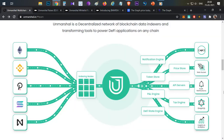Push notification functionality is currently not available in The Graph, making this a potential game changer. Unmarshall also provides GraphQL — a query language for APIs used to extract data — along with insights and analytics. These are the major functionalities provided by Unmarshall. My personal favorite is push notifications, and I'd love to see that implemented in all wallets and decentralized exchanges.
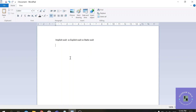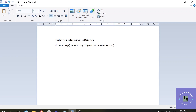The disadvantage of implicit wait is that sometimes it slows down execution because it is applied to all elements. The syntax is driver.manage().timeouts().implicitlyWait(), and it takes two arguments: the first argument is an integer specifying how many seconds you want to wait, and the second argument is the time unit, which can be nanoseconds, milliseconds, minutes, etc.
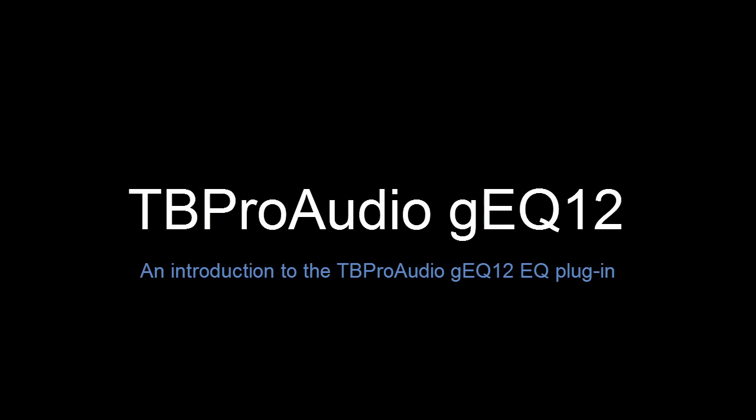Hi, my name is Thomas from TB Pro Audio. I welcome you to this short introduction to our latest product called GEQ12.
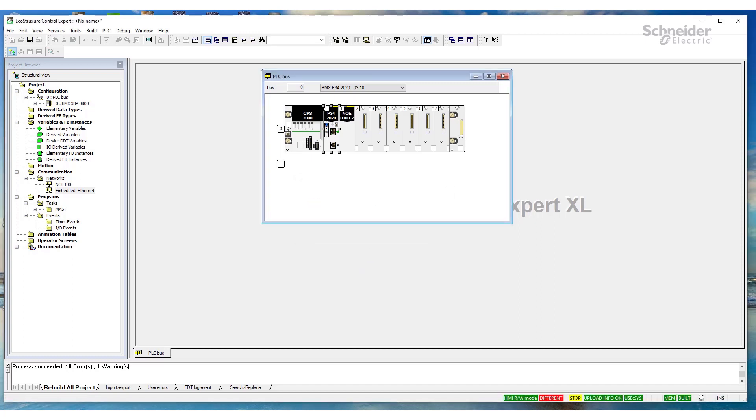The reason for that is the firmware in the PLC is less than the project firmware that's selected here. So, in our project, we have version 3.10.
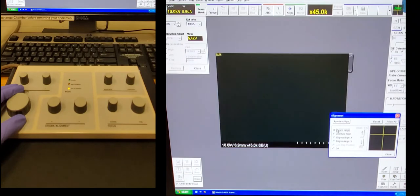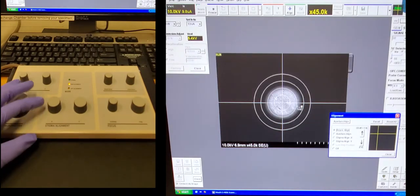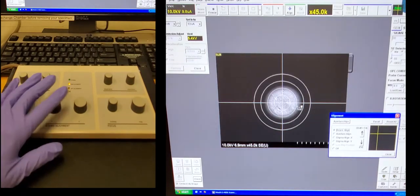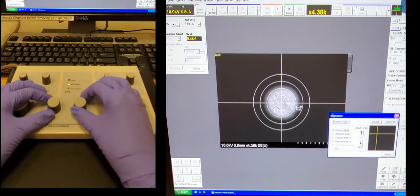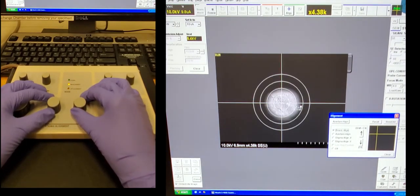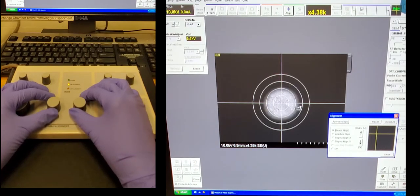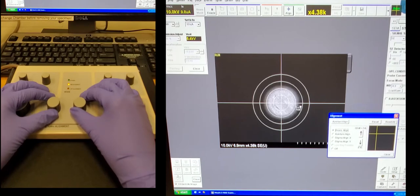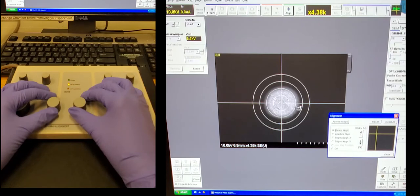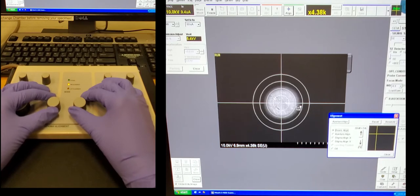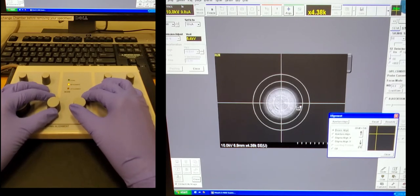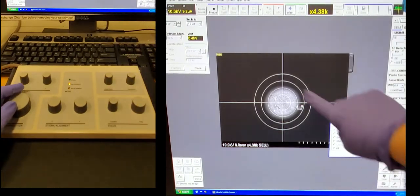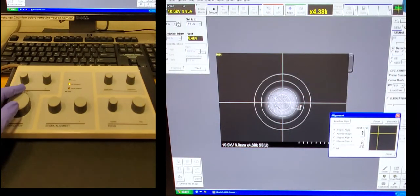Next we click the align button at the top. We're going to start at the top one for the beam align. So use the center two buttons to move the beam in x or y direction, and make sure you put it in the center. It's very sensitive, so you only need to make very slight adjustments. Now it's in the center and this looks good.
_ _ _ _ _
== The problem ==
Write out, word for word, the line containing "The disadvantage of" and each line after it to the end of the data, and nothing more. Drop the pictures.

== Finished exercise ==
The disadvantage of implicit wait is that sometimes it slows down execution because it is applied to all elements. The syntax is driver.manage().timeouts().implicitlyWait(), and it takes two arguments: the first argument is an integer specifying how many seconds you want to wait, and the second argument is the time unit, which can be nanoseconds, milliseconds, minutes, etc.
Hi, my name is Thomas from TB Pro Audio. I welcome you to this short introduction to our latest product called GEQ12.
The reason for that is the firmware in the PLC is less than the project firmware that's selected here. So, in our project, we have version 3.10.
Next we click the align button at the top. We're going to start at the top one for the beam align. So use the center two buttons to move the beam in x or y direction, and make sure you put it in the center. It's very sensitive, so you only need to make very slight adjustments. Now it's in the center and this looks good.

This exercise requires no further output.